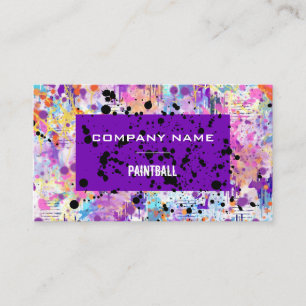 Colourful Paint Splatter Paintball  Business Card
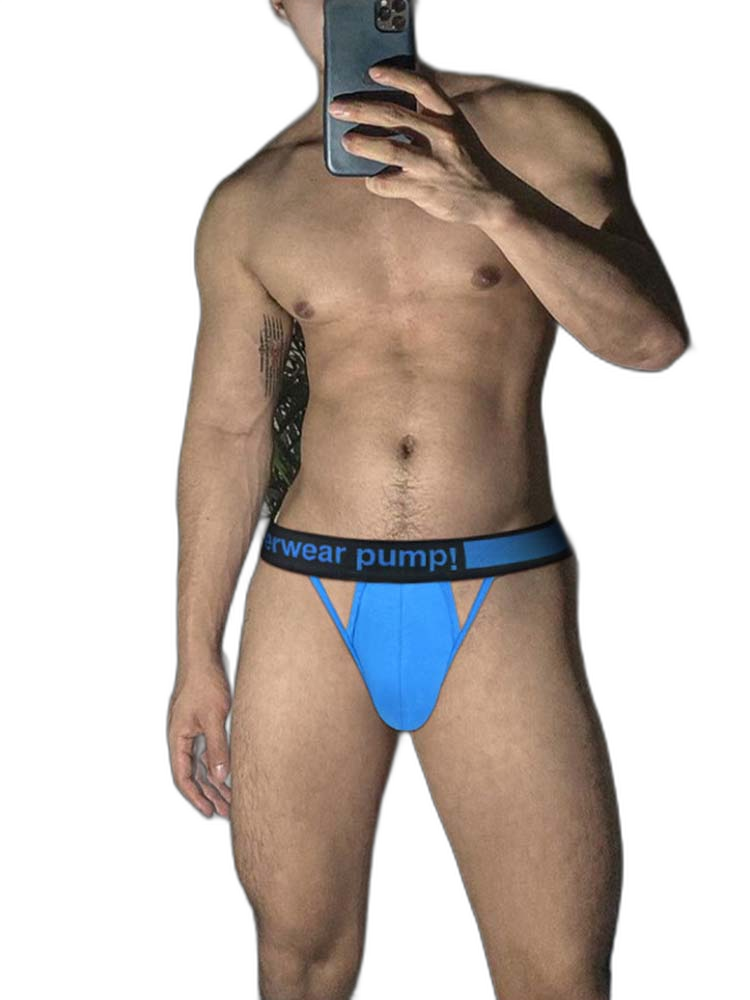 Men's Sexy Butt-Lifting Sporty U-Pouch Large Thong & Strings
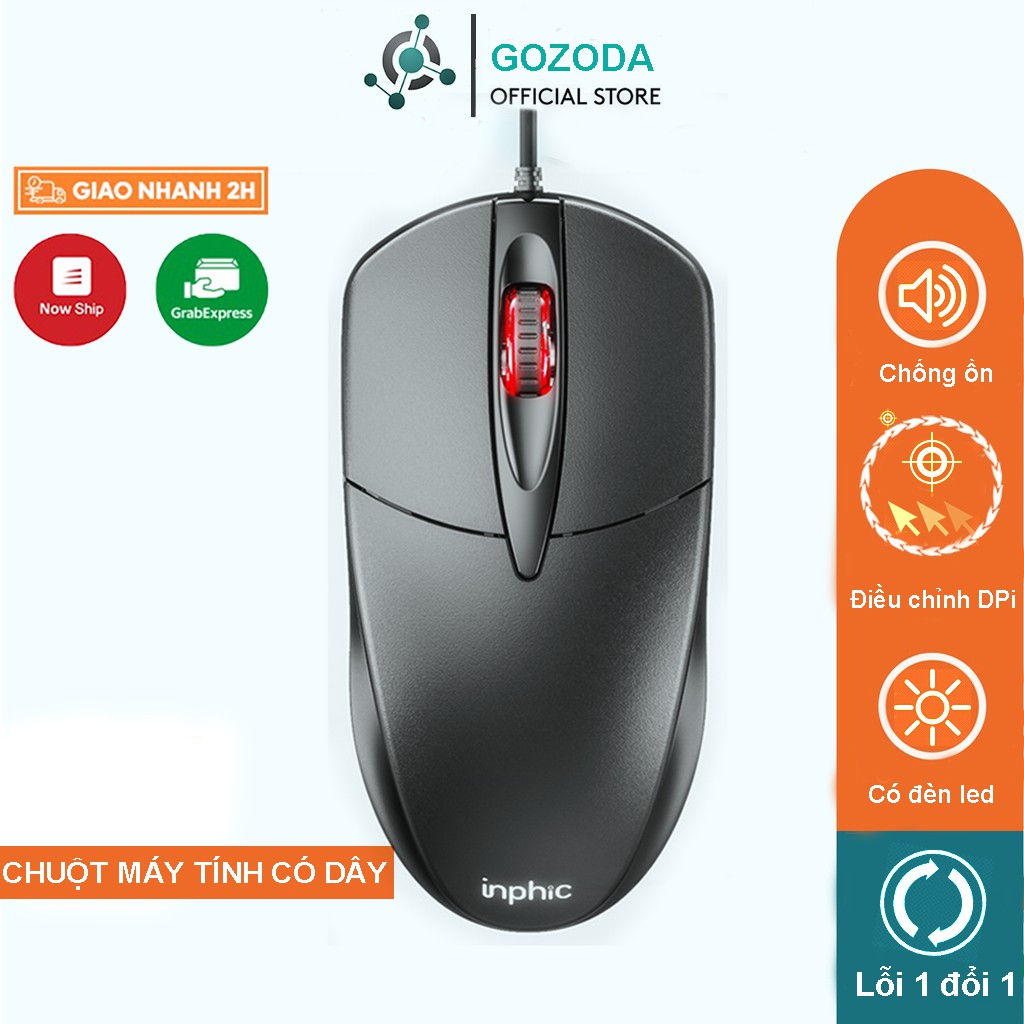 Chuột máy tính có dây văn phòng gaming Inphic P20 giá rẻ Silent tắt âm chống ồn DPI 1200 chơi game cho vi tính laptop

━━━

• **AIM OF THE EXERCISE**:
Without altering anything, output all the lines above but none of the images.

• **EXERCISE RESULT**:
 Colourful Paint Splatter Paintball  Business Card
 Men's Sexy Butt-Lifting Sporty U-Pouch Large Thong & Strings
 Chuột máy tính có dây văn phòng gaming Inphic P20 giá rẻ Silent tắt âm chống ồn DPI 1200 chơi game cho vi tính laptop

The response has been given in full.